TEK kitaplık saltanat adlı dünkü yazımda; Amerika'da kuşaktan kuşağa okuma sürekliliği zincirini ortaya koyan bir araştırmaya yer verdim.

1813 yılında yayınlanan Jane Austen'ın Pride and Prejudice'ı hálá satılıyor ve okunuyor.

Bizde yapılacak bu tür bir araştırma, okur profilini ve tercihlerini göstermesi açısından yayıncılara da yardımcı olacaktır.

Bizdeki durum nedir? Bir yıl içinde bu sınıfa giren kitaplar ne kadar satıyor?

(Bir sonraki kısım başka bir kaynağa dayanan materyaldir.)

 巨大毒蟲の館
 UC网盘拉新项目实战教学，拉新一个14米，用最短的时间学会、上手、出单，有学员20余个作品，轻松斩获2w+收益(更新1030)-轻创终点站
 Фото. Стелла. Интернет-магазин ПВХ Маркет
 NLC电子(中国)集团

Yayınevlerinden aldığımız rakamlara göz atalım:

Ateşten Gömlek - Halide Edip Adıvar - 2798

Çalıkuşu - Reşat Nuri Güntekin - 15.000

Bereketli Topraklar Üzerinde - Orhan Kemal- 1500

Devlet Ana - Kemal Tahir - 2100

Yaban - Yakup Kadri Karaosmanoğlu - 12.000

Tutunamayanlar - Oğuz Atay - 5700

Saatleri Ayarlama Enstitüsü - Ahmet Hamdi Tanpınar - 3000

Değerlendirme, karşılaştırma birimimiz tek kitap olduğundan Yahya Kemal Beyatlı'nın, Názım Hikmet'in, Sait Faik Abasıyanık'ın toplu satış rakamlarını dışarda bıraktım. Yukarıdaki örneklerde de bir yazarın diğer kitaplarının satışını göz önünde bulundurursanız, toplam yükseliyor.

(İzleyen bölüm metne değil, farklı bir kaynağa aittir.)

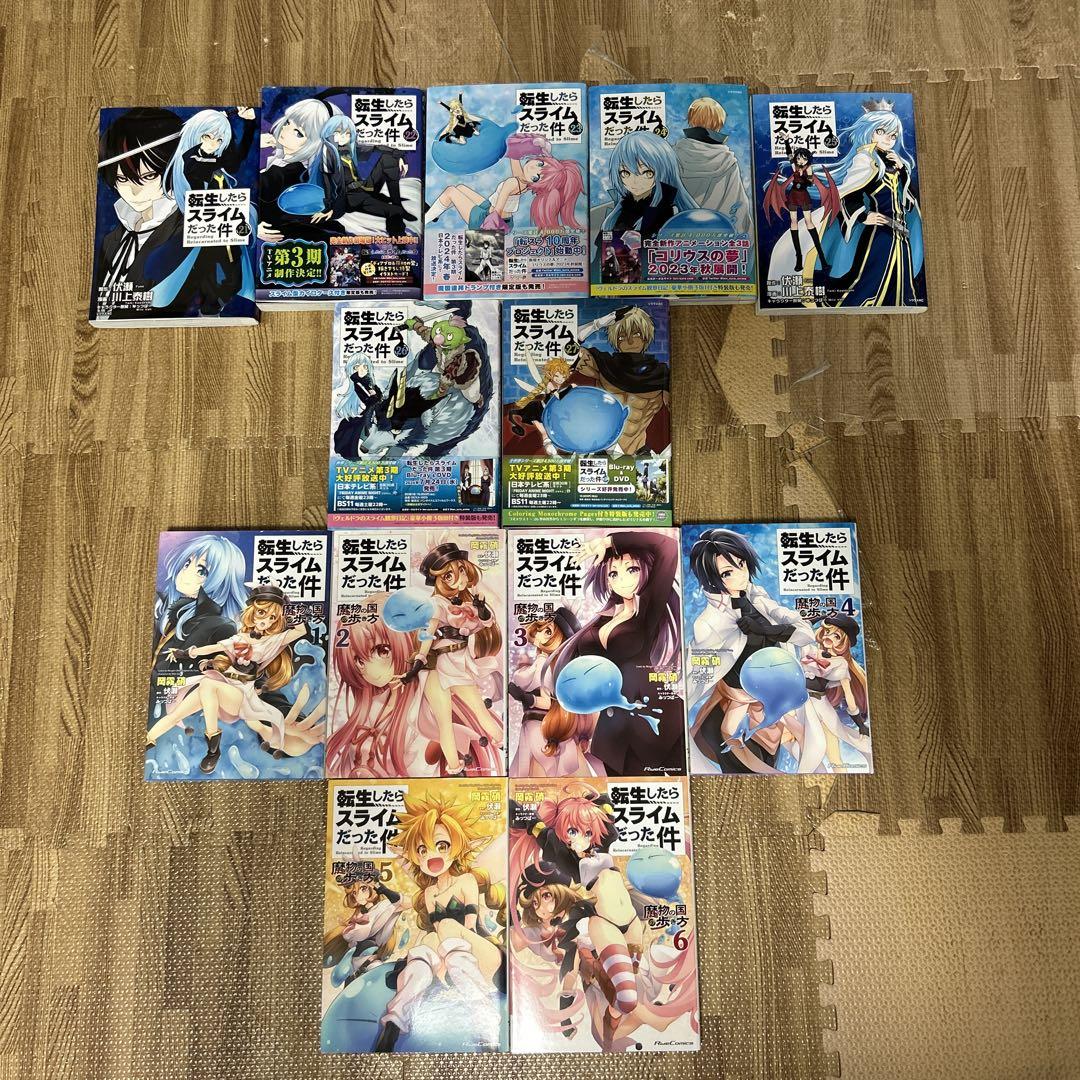 転生したらスライムだった件既刊全巻＋魔物の国の歩き方6冊セット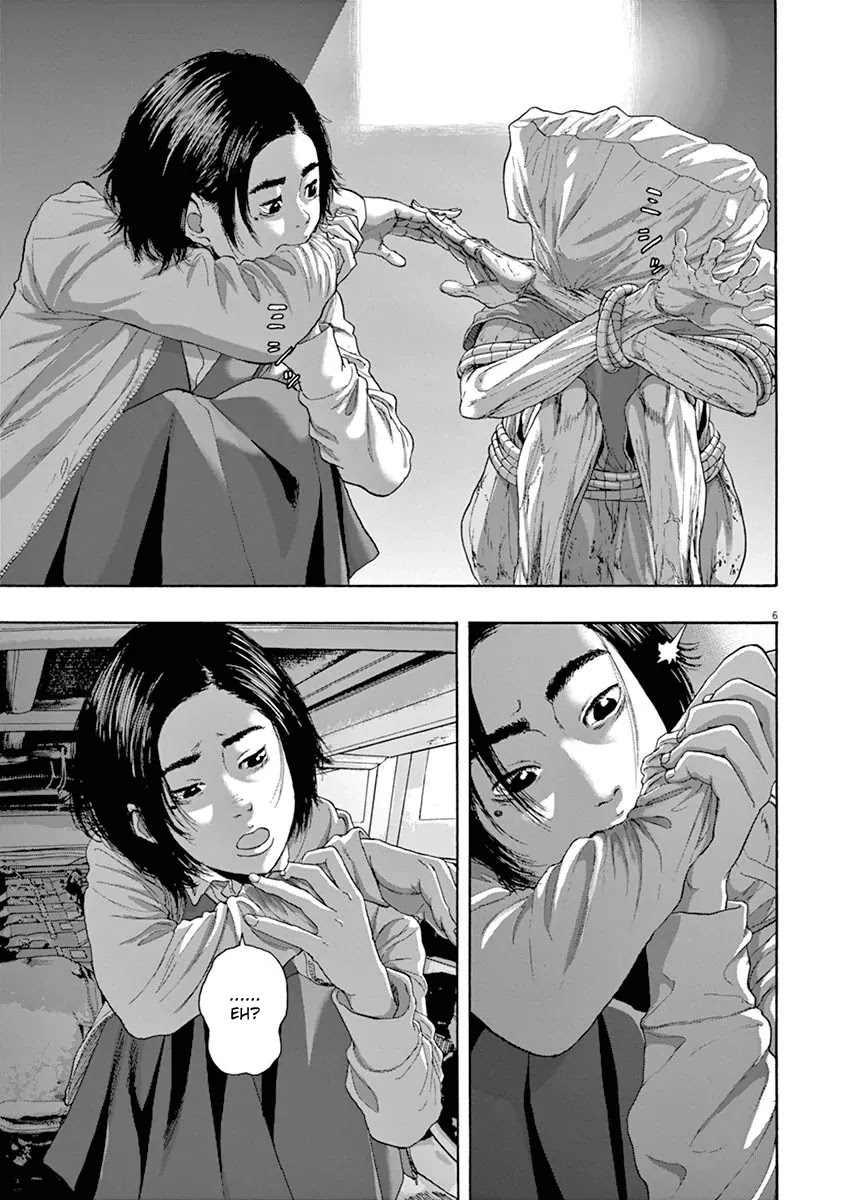 I am a Hero Chapter 228 page 6 - Chapter 228
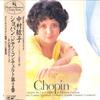 LP Record HIROKO NAKAMURA, ANOTOLE FISTOULARI - Chopin: Piano Concerto No.2 In F Mi 28AC2055 CBS SONY 1985 Japan Obi Classical Used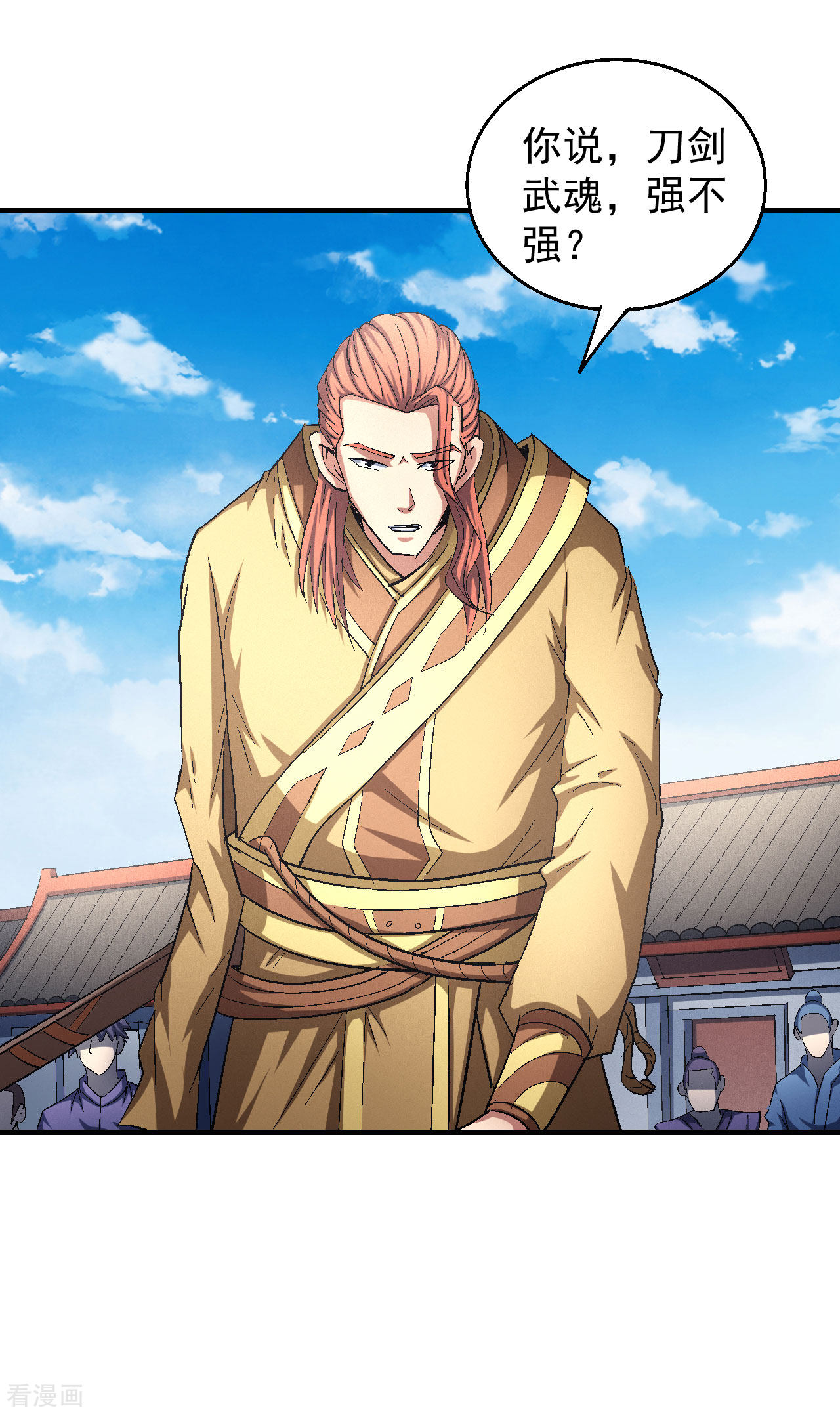 绝世武神140话3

Tek kitapla yıllardır satanlar listesinde bulunan tek edebiyatçı, Hasretinden Prangalar Eskittim'le Ahmed Arif.

AMERİKA'
yı, yaşam biçimiyle, birçok özellikleriyle örnek alıyoruz, hatta bazı konularda taklit ediyoruz. Dileğim, kitap okurluğu konusunda da örnek almamız.

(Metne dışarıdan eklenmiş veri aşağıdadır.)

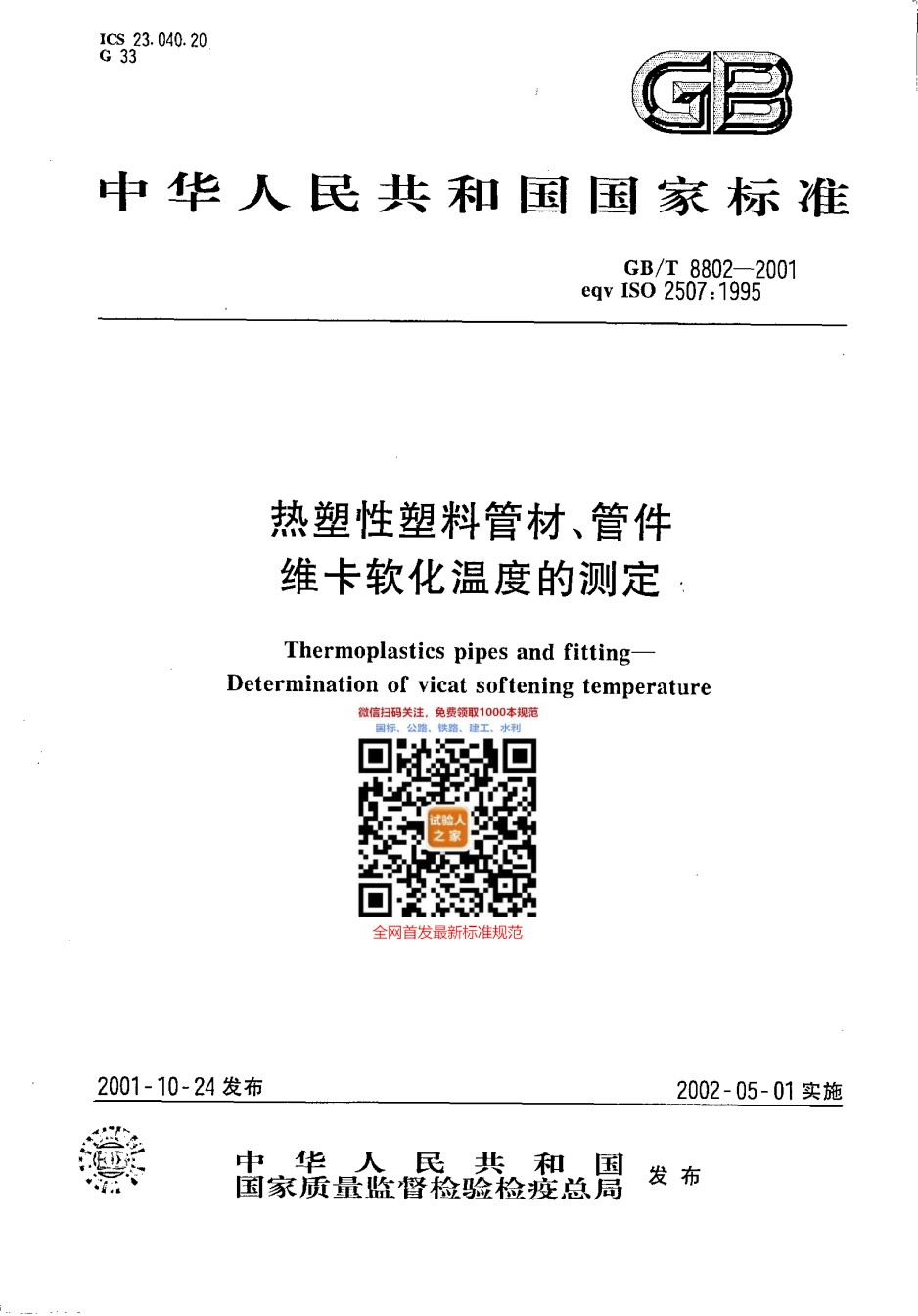 GB-T8802-2001热塑性塑料管材、管件维卡软化温度的测定_第1页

Dünkü örneklerde görüldüğü gibi, yeni kuşaklar, eski kuşakların önemli kitaplarını okuyor. Hiç kuşkusuz burada best-sellers olgusu en önemli seçim yönlendiricisi.

Kuşaklar arası edebi diyalog, dünün eserleriyle bugünün eserleri arasında süreklilik bağını kuruyor.

Yapılacak araştırmada birçok adın satış rakamlarının ortaya çıkarılması gerekiyor:

Ahmed Midhat Efendi'nin kitaplarının çoğunun tükendiğini söyledi bir arakadaşım. Halit Ziya Uşaklıgil, Mehmet Rauf ve daha birçok edebiyatçının kitaplarının alım oranı nedir?

Kitapları bulunmuyor, tükendi, bir daha basılmıyor diye bir gerekçe yok Amerika'da.

Bütün kitapseverlerle birlikte düşünelim, İlhan Tarus'un, Mehmet Seyda'nın, Fahri Celál'in kitaplarını okuyamazsınız, çünkü yıllardır basılmıyor.

Book'taki araştırmanın sonundaki bir not, Türk sineması romanımıza ilgisiz yazıma bir göndermeyi zorunlu kılıyor.

Yüzüklerin Efendisi sinemaya aktarıldığı için çok satıyormuş.

Sinema-kitap ilişkisine de açıklık getiriyor.

* * *

OKUMA sürekliliğini çok sık yazmalıyız.